## [What to work on]
In the records below, the relevant part opens with the line containing "Icon image Der" and closes with the line containing "RECEIVER Oleh Tim"; print that part exactly and only, without its pictures.

## [Data for this task]
+===+
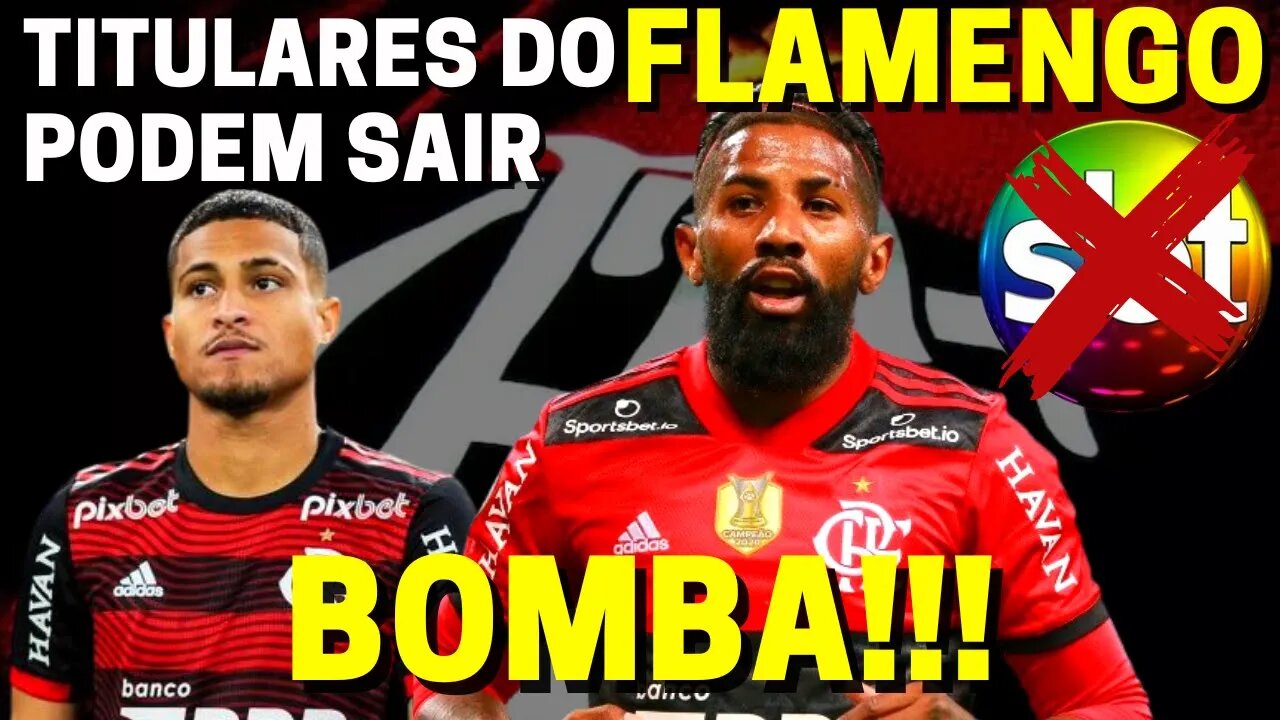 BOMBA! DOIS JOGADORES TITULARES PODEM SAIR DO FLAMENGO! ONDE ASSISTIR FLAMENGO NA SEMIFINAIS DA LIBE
+===+
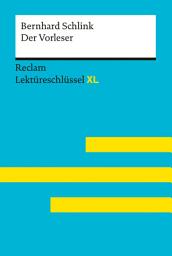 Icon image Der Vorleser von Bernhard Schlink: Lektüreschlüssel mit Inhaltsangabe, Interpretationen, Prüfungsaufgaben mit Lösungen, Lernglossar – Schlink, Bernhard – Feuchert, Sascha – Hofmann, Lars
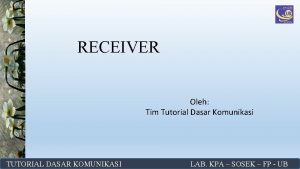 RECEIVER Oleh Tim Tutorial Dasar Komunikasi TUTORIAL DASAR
+===+
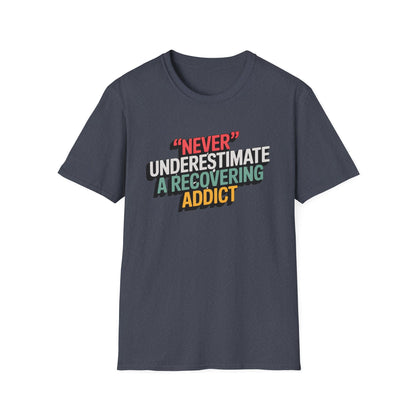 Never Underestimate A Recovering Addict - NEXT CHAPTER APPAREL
+===+
## [Answer box]
 Icon image Der Vorleser von Bernhard Schlink: Lektüreschlüssel mit Inhaltsangabe, Interpretationen, Prüfungsaufgaben mit Lösungen, Lernglossar – Schlink, Bernhard – Feuchert, Sascha – Hofmann, Lars
 RECEIVER Oleh Tim Tutorial Dasar Komunikasi TUTORIAL DASAR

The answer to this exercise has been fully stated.